In his latest Barron's piece Alan Abelson picked up and commented on, a little late but we'll cut him some slack (better late than never and all that), the fast-becoming classic Rogoff and Reinhart paper titled The Aftermath of Financial Crises.

So it's fair to assume the notion that we will have a long, protracted and painful recession is in the public now. Granted, Abelson has a well-deserved reputation as a congenital bear and his detractors are prompt to say about him that a broken clock is bound to be right at some point. However, he's been right on the money for the last couple of years and people are definitely paying attention to what he writes about.

From a contrarian point of view therefore, now that the possibility of real ugliness has seeped into the collective unconscious, we would deduce that any new data that even hints at a less than extremely ugly economic future should power some kind of rally. The question in my mind though is that I have the gnawing feeling that even those who have read and accepted the conclusions in the Aftermath paper still hope for something less painful unfolding. Others actually believe the coming stimulus package will thwart the bleak predictions in the Rogoff and Reinhart study. The spirit of hope that has engulfed the nation lately might thus, for better or for worse, foil any contrarian analysis.

January 21, 2009

Unconventional unconventionals

We had Donald Rumsfeld and his unknown unknowns. We now have Bank of England Governor Mervyn King's "unconventional unconventional [monetary] measures" (Dow Jones Newswire).

Unconventional monetary tools are used when the zero-bound has been reached and cutting interest rates is no longer possible, which is already the case for the Fed and just about for the BOE. They are also known as Quantitative Easing.

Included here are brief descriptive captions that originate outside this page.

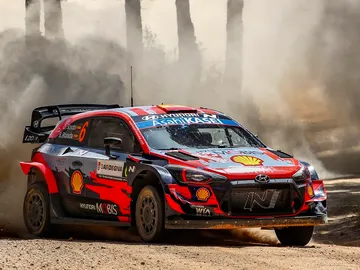 Dani Sordo abandonaba siendo segundo Dani Sordo abandonaba siendo segundo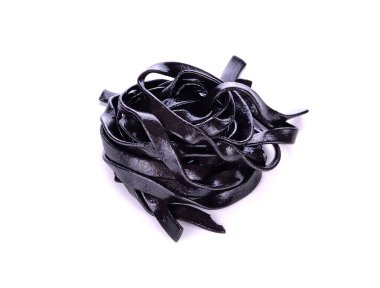 Beyaz zemin üzerinde mürekkep balığı mürekkebi fettucine makarna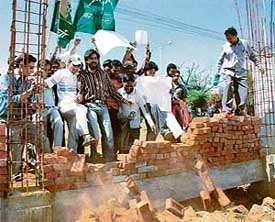 Youths vandalise Mahendra Singh Dhonis under-construction house in Ranchi 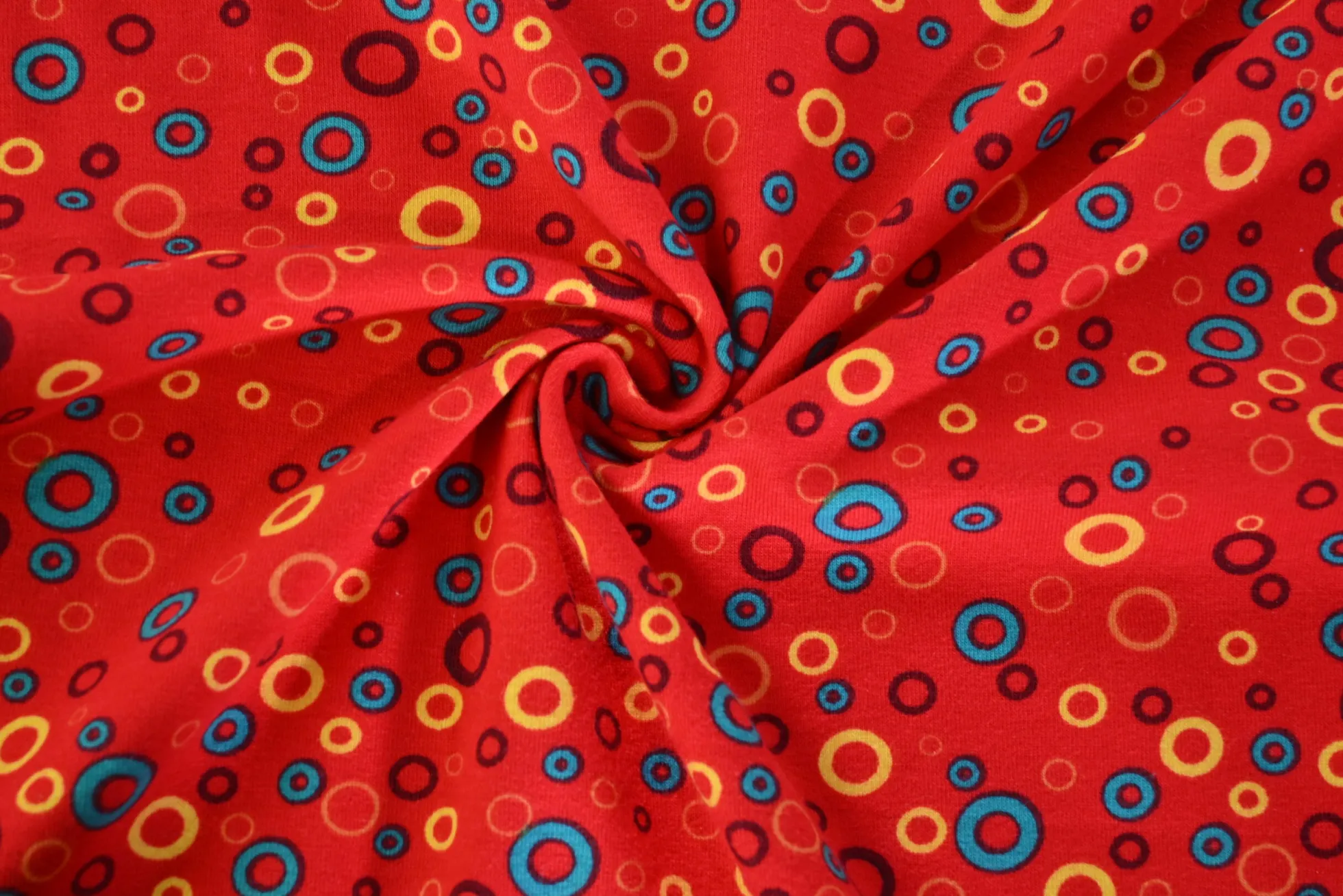 Katoen tricot – Colorful circles on red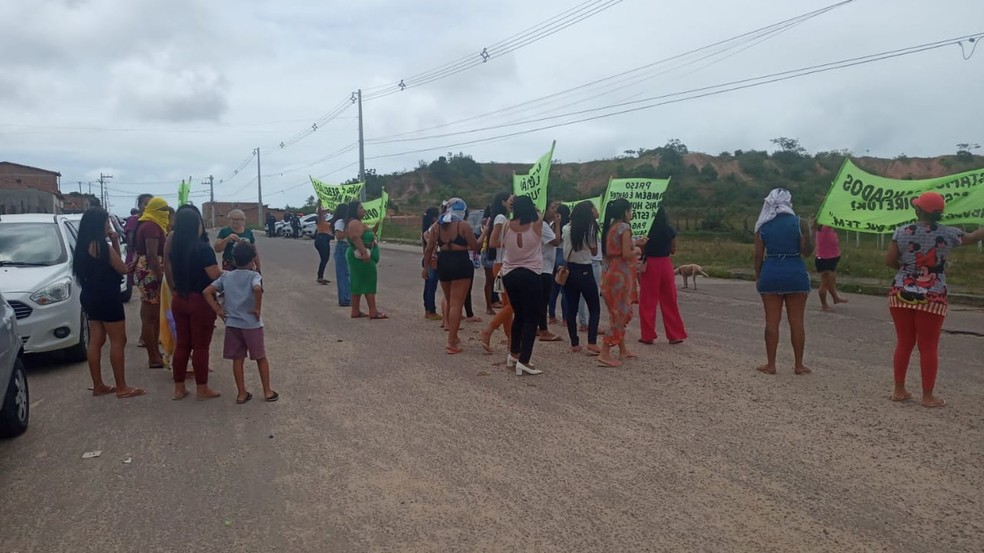Manifestantes seguram cartazes denunciando condições do presídio — Foto: Janaína Rezende/TV Sergipe
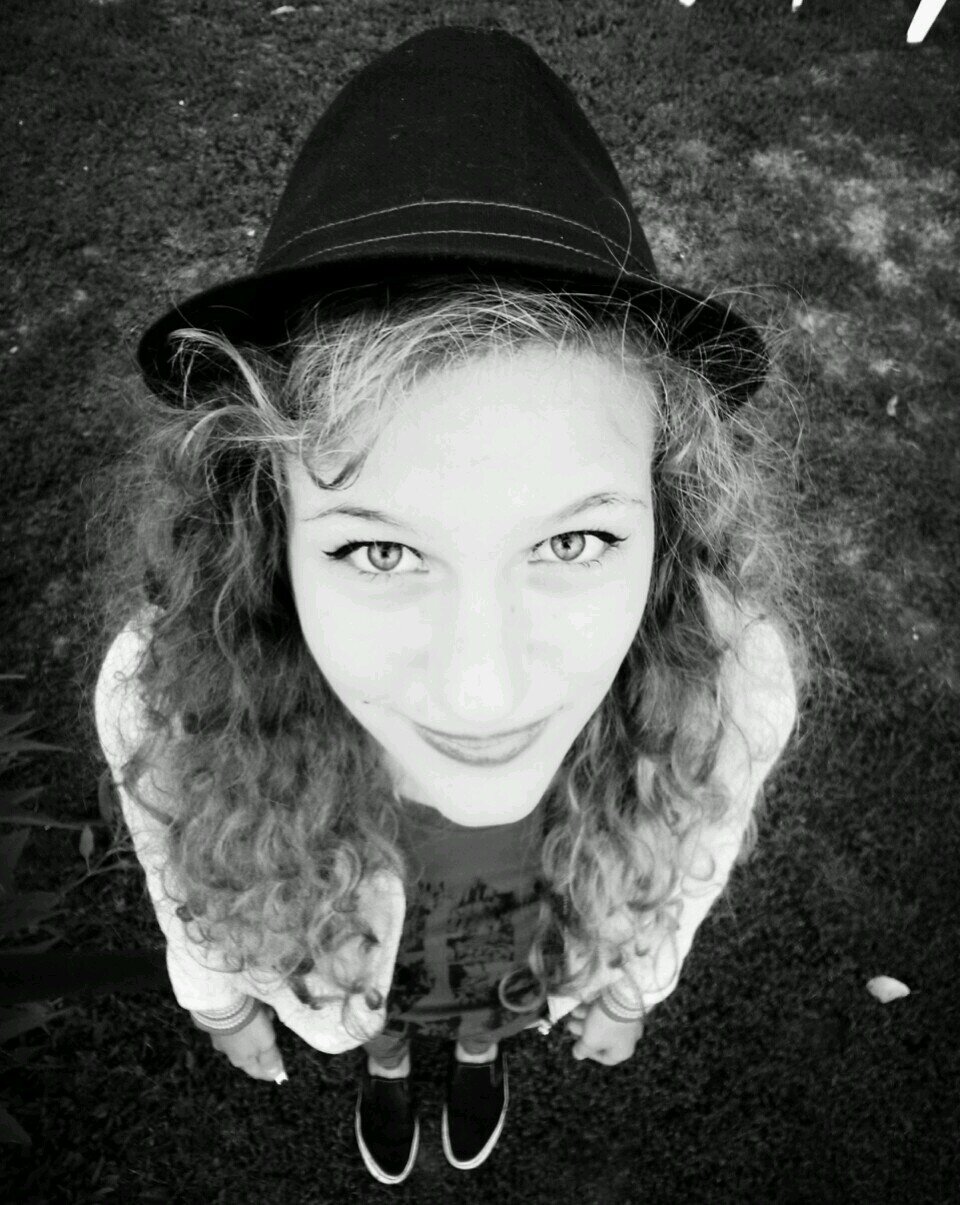 17 ~ bmi: 18.6 ~ diagnosed with anorexia, bulimia, depression ~ avi is always me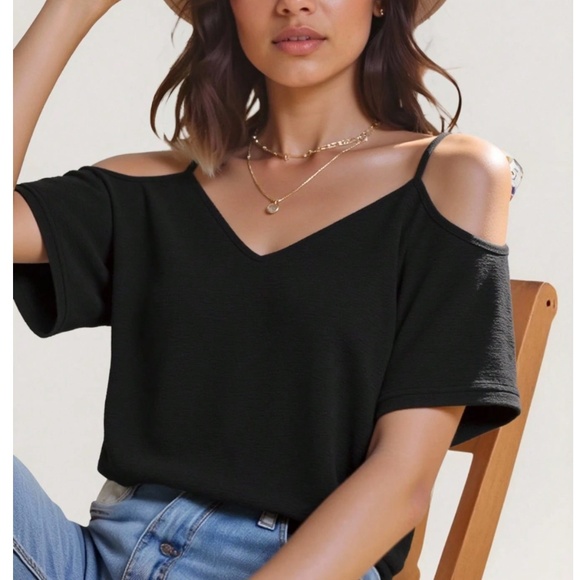 Black Casual Tee Shirt Cold Shoulder Short Sleeve - Picture 1 of 13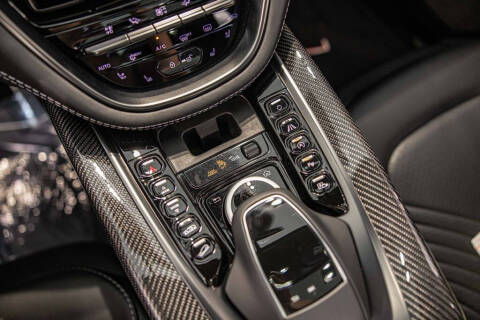 2021 Aston Martin DBX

The "conventional unconventional" measures would be for the BOE to buy government securities.
The "unconventional unconventional" measures would be targeted purchases of any asset whose market has become dysfunctional. The BOE is considering paying above current prices for some assets, which it would presumably have to do since most of those "dysfunctional" assets are priced at, you guessed it, zero.

January 15, 2009

Global Liquidity Trap?

One thing ECB Czar Jean-Claude Trichet has just said during his press conference kind of surprised me: "A Liquidity Trap would not be appropriate for us".

This from a man who until today treated any talk of deflation in the Euro-zone as preposterous science-fiction and was very proud of the fact that his central bank, unlike his colleagues across the ponds, still had ample ammunition. Can non-traditional monetary tools and quantitative easing be very far?

Head and Shoulder Bottom, Follow-up


As a quick but urgent follow-up to a previous post, it is now obvious after yesterday's rout that the potential head and shoulder bottom scenario as I imagined it has unraveled. The breakout above 90 did happen but it turned out to be a head fake. The rationale behind being long having been smashed to smithereens, bailing out of that position would be the disciplined thing to do.
What is going to happen now? I have no idea. Some people think that a failed signal is often a very strong signal that the opposite of what was supposed to happen will happen, in this case SPY should go down hard, but it's mostly anecdotal evidence so I personally would wait and see what develops.